Tenisha Patterson | Ariza Creamery
Since 2021 Tenisha Patterson has been making small-batch, artisanal ice cream, first as a hobby – a treat for friends and family – but soon, all the positive feedback gave her the push to go pro, and she’s never looked back.
Based in Oshawa, the mother of two and child and youth worker, makes about 12 litres of ice cream each week – more or less, depending on orders – in two flavours, one dairy and one vegan. Her 25 original flavours are inspired by her favourite desserts. “I love ice cream,” says Tenisha. “I just think about how I can turn my favourite dessert into a frozen treat.”
Tenisha makes everything from scratch, from the base – fresh cream or coconut cream – to the add-ins and flavourings, and when she uses fruit, it is always fresh. And while it’s true she does have an in with Chef – they’ve been married since 2017 – and it might be fair to assume Chef Liam Potvin is a tad biased, we can vouch for him. It’s really good stuff.
“I admire her work ethic,” says Liam. “The fact that she makes the time to consistently put out orders, and that it’s the best ice cream I’ve ever had. It’s so creamy and delicious; she is very creative and has new flavours every single week. She also sells vegan ice cream and it is incredible.”
James Harley | Harley Farms
Originally from East Kennett, England and now farming in Keene, Ontario, Roger and Julie Harley, along with children James and Emily, raise heritage pigs, sheep, poultry and cattle on approximately 1,500 lush, rolling acres. The superlatives are many – SPCA Certified, grass-fed, humane, natural, 100 per cent GMO free, free-range, sustainable, regenerative and local – you can even book a farm tour to see for yourself.
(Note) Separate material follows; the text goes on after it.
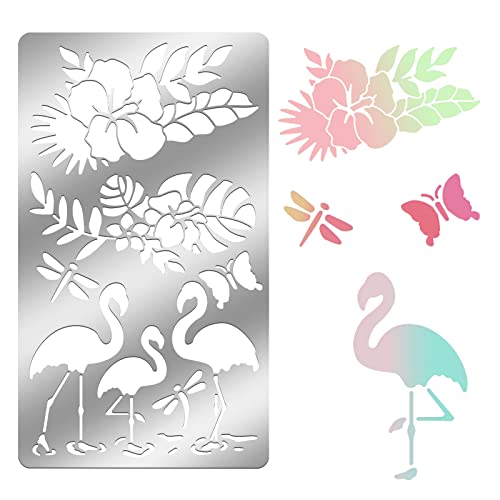 ORIGACH 17.7 x 10.1 cm Schablonen, Flamingo Metall Schablonen für Brandmalerei Holzverbrennung Gravur und Scrapbooking Projekt von ORIGACH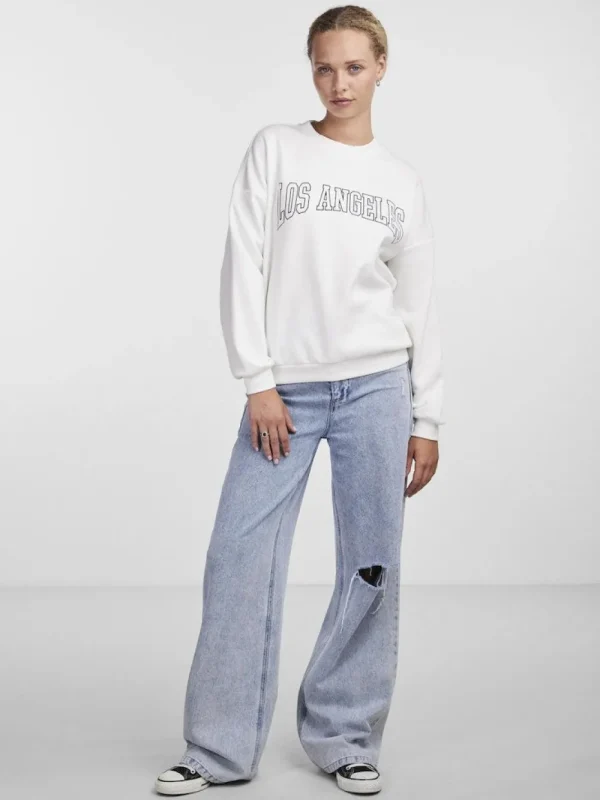 Pieces PCFreya LS Oversize Sweat Bright White- Sweatshirts & Hoodies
As regenerative farmers, their animals are always on the move, grazing on grassland and fed crops grown on the farm: sorghum, clover, oats, peas, hay and other grasses. Another tenet of this style of sustainable farming is offering shelter to livestock as opposed to housing or confining them. The Harleys’ animals enjoy the freedom to exist in family groups.
And while all this is important to Chef Liam Potvin, taste and texture comes first. It’s their beef from High Welfare Galloway and Hereford cattle that Liam crafts into The Social burger, a mainstay on the menu.
“The lean, grass-fed, ground beef from Harley Farms is tasty and juicy and doesn’t need any filler,” says Liam. “I just let the cattle James has raised with care, shine. And it does, our classic burger is one of our top sellers.”